──────── Data shown ────────

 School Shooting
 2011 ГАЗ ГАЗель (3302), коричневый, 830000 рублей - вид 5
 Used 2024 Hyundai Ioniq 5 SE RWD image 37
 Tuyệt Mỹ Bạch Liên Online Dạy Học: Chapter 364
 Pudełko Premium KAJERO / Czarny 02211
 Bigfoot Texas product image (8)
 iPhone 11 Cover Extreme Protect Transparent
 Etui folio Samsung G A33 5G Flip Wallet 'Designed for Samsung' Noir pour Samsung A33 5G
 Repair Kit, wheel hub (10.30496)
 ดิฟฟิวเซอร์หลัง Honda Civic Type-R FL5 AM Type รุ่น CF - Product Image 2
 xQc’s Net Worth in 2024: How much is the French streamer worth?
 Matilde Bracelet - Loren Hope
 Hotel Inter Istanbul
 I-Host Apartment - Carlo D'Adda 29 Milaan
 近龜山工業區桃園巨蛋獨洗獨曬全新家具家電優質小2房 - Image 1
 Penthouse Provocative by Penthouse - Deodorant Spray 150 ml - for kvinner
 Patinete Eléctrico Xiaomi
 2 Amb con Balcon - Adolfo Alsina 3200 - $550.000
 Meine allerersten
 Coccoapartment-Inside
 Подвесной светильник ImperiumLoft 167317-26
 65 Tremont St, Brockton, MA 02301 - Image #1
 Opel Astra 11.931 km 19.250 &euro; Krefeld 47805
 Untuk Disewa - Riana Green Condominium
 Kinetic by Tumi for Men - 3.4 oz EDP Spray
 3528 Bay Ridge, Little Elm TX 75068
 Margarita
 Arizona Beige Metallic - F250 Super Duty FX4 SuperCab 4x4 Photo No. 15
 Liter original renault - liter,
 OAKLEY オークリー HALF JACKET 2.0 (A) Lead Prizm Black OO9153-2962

────────

Task to carry out: With the line that contains "65 Tremont St, Brockton, MA 02301 - Image #1" as your start, reproduce the data above exactly through its last line, and nothing before that start.

Response below:
 65 Tremont St, Brockton, MA 02301 - Image #1
 Opel Astra 11.931 km 19.250 &euro; Krefeld 47805
 Untuk Disewa - Riana Green Condominium
 Kinetic by Tumi for Men - 3.4 oz EDP Spray
 3528 Bay Ridge, Little Elm TX 75068
 Margarita
 Arizona Beige Metallic - F250 Super Duty FX4 SuperCab 4x4 Photo No. 15
 Liter original renault - liter,
 OAKLEY オークリー HALF JACKET 2.0 (A) Lead Prizm Black OO9153-2962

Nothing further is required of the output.